Predicting purchase intentions of customers by using web data
Information
Författare: Olle Kåhre ZällBeräknat färdigt: 2022-01
Handledare: Helena Sjöberg
Handledares företag/institution: Bonava AB
Ämnesgranskare: Niklas Wahlström
Övrigt: -
Presentation
Presentatör: Olle Kåhre ZällPresentationstid: 2022-01-28 13:15
Opponent: Alexander Fors
Abstract
This master thesis aims to investigate the possibilities of predicting purchase intentions of customers during their sales processes in the real estate sector. Also, the web activity of customers on a real estate company’s web site is used as the basis for the forecasting. A machine learning framework has been developed, where its compliance with the GDPR is also assessed. Five supervised machine learning algorithms – logistic regression, k-nearest neighbors, decision tree, random forest, multilayer perceptron – have been utilized for predicting the classes of the customers: buyers and non-buyers. Three data sets were generated, which represented the total number of active customers at different points in time: at the same day as a sales process starts (day 0) and 10 and 20 days after it. The algorithms were applied and evaluated on these data sets to identify when it is suitable to predict the purchase intentions of customers. To increase the generalization capability of the algorithms, hyperparameter optimization along with data resampling by combining undersampling and synthetic minority over-sampling techniques, k-fold cross validation and mutual information, as feature selection, were applied.

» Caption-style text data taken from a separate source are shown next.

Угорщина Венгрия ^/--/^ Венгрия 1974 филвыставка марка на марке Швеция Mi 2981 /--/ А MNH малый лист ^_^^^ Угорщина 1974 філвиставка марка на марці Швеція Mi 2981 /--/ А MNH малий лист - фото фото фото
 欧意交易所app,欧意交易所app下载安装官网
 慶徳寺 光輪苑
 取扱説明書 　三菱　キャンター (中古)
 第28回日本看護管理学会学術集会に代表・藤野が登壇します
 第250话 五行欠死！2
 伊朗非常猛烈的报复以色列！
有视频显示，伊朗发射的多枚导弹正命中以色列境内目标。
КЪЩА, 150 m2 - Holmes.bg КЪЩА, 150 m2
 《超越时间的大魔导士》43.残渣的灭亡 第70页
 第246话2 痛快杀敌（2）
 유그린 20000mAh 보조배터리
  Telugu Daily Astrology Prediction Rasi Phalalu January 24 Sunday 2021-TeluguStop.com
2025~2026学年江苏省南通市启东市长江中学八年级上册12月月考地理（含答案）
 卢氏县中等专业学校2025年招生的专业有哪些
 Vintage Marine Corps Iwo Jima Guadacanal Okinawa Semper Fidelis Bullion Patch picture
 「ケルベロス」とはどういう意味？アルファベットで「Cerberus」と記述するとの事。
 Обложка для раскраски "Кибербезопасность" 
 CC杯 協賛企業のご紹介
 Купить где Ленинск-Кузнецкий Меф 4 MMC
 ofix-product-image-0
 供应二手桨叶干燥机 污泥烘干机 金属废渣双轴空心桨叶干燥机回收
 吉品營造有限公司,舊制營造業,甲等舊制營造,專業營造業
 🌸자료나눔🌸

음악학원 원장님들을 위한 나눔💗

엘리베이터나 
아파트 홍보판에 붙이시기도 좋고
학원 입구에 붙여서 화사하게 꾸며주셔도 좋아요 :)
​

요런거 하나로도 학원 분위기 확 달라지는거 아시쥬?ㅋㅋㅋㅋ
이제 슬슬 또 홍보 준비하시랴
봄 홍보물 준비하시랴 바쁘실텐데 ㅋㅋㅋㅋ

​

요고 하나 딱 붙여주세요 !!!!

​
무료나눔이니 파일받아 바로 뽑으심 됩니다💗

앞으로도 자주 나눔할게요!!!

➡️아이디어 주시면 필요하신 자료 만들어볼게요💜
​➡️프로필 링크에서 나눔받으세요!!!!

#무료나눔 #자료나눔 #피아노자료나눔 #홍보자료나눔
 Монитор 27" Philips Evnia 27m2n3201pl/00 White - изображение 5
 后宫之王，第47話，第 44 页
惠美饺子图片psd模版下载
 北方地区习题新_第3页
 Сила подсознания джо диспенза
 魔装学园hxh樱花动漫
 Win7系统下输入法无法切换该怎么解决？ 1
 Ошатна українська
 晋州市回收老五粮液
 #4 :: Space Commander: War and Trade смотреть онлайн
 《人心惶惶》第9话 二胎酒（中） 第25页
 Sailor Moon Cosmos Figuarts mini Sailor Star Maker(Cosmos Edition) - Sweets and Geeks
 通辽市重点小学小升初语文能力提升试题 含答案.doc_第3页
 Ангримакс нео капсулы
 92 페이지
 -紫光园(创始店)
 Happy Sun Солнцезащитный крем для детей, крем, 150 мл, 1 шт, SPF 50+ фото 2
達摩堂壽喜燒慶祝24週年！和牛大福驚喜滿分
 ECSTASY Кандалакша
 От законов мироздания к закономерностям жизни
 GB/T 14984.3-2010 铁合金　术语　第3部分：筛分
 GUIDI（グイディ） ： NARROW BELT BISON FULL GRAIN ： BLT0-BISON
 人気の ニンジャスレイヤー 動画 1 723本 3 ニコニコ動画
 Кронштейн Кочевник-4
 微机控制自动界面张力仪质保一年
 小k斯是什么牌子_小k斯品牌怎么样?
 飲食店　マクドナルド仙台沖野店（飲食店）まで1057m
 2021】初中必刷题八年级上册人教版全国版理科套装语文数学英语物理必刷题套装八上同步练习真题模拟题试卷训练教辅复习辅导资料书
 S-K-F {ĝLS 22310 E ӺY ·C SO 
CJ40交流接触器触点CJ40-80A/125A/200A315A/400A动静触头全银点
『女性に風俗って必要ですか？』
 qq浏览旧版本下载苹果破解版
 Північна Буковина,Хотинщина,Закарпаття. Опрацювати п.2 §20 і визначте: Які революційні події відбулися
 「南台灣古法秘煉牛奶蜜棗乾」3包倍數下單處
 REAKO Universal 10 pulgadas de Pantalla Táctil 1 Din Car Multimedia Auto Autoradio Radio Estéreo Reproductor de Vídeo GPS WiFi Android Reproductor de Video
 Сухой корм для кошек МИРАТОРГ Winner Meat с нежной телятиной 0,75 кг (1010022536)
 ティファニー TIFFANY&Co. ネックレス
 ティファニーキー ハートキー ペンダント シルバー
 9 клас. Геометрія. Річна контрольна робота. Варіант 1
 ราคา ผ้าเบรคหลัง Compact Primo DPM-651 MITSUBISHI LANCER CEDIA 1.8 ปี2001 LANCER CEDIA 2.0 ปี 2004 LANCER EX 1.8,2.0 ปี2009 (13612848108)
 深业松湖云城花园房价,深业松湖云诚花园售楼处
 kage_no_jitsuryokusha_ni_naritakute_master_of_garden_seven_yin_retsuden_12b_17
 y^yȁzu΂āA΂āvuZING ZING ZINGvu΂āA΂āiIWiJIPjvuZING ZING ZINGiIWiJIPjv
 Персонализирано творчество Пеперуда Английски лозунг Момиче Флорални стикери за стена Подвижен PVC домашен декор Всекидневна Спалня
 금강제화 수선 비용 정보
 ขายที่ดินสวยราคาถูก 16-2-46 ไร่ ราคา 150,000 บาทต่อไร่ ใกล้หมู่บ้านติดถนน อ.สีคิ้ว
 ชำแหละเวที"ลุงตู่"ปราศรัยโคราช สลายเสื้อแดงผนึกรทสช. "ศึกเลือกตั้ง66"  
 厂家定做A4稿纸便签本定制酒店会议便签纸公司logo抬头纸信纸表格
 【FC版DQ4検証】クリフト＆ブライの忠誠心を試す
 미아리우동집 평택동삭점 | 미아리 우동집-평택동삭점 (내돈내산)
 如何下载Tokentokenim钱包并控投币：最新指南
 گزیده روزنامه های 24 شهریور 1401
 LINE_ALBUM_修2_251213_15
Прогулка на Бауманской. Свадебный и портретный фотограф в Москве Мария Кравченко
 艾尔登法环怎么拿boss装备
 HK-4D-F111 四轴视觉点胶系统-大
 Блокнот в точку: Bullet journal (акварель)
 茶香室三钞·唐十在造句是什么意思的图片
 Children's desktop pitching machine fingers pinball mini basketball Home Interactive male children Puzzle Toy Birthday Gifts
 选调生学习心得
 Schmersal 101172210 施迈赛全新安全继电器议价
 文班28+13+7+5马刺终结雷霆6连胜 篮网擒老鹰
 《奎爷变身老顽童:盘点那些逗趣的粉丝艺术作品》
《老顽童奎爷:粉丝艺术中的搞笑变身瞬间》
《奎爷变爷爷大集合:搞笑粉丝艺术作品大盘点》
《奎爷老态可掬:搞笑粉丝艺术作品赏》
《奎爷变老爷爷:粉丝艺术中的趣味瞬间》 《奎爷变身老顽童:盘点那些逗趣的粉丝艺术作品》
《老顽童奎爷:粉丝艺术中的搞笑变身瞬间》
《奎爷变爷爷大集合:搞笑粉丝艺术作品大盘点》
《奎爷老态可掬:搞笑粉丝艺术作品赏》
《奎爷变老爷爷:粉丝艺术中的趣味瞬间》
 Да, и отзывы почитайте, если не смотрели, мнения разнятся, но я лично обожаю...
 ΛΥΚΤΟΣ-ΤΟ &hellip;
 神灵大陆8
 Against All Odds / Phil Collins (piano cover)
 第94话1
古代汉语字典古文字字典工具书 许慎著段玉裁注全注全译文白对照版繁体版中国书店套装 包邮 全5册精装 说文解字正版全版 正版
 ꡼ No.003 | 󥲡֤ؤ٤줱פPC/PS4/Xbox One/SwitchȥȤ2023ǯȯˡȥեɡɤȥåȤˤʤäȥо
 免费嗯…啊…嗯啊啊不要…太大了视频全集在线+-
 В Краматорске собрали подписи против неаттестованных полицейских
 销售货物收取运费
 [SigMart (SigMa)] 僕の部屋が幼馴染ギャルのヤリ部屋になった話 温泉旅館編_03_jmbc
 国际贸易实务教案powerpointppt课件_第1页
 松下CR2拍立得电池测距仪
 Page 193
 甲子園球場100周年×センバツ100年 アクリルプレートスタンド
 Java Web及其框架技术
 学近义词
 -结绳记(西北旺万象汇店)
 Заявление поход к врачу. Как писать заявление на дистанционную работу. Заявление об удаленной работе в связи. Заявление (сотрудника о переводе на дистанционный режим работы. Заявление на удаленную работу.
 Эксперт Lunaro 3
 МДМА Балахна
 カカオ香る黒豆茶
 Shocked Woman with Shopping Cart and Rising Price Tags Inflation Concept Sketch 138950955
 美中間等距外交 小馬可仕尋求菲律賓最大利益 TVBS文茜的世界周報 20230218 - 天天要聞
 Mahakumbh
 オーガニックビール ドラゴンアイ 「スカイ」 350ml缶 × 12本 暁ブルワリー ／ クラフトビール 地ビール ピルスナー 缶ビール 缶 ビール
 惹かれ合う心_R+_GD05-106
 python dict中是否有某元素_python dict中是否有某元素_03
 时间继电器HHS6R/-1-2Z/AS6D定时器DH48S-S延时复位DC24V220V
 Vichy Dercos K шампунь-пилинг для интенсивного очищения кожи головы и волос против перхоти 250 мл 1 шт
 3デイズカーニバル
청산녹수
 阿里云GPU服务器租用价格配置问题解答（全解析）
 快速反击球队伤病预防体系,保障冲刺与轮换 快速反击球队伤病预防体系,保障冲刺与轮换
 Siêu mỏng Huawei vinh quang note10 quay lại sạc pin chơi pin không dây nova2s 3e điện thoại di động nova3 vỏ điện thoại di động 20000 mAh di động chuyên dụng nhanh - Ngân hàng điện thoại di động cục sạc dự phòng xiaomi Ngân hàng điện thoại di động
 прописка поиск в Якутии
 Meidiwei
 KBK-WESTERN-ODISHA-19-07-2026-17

The results show that the number of visited web pages, sessions, searched projects (concerning accommodations) and searched locations were relevant for all three data sets. The average price (in total and per square meter) of the most frequently visited web page regarding projects were also included in all the data sets. In addition, the total number of registration of interests sent, and the total amount of time spent on the company’s web site were considered in the second (day 10) and third data set (day 20). Further, a multilayer perceptron – applied 10 days after the start of a sales process – was considered as the optimal model for classifying the purchase intentions of customers. Moreover, the developed machine learning framework is argued to be compliant with the GDPR. Further evaluation regarding the compliance needs to be conducted if the methodology of this machine learning framework would be implemented in practice.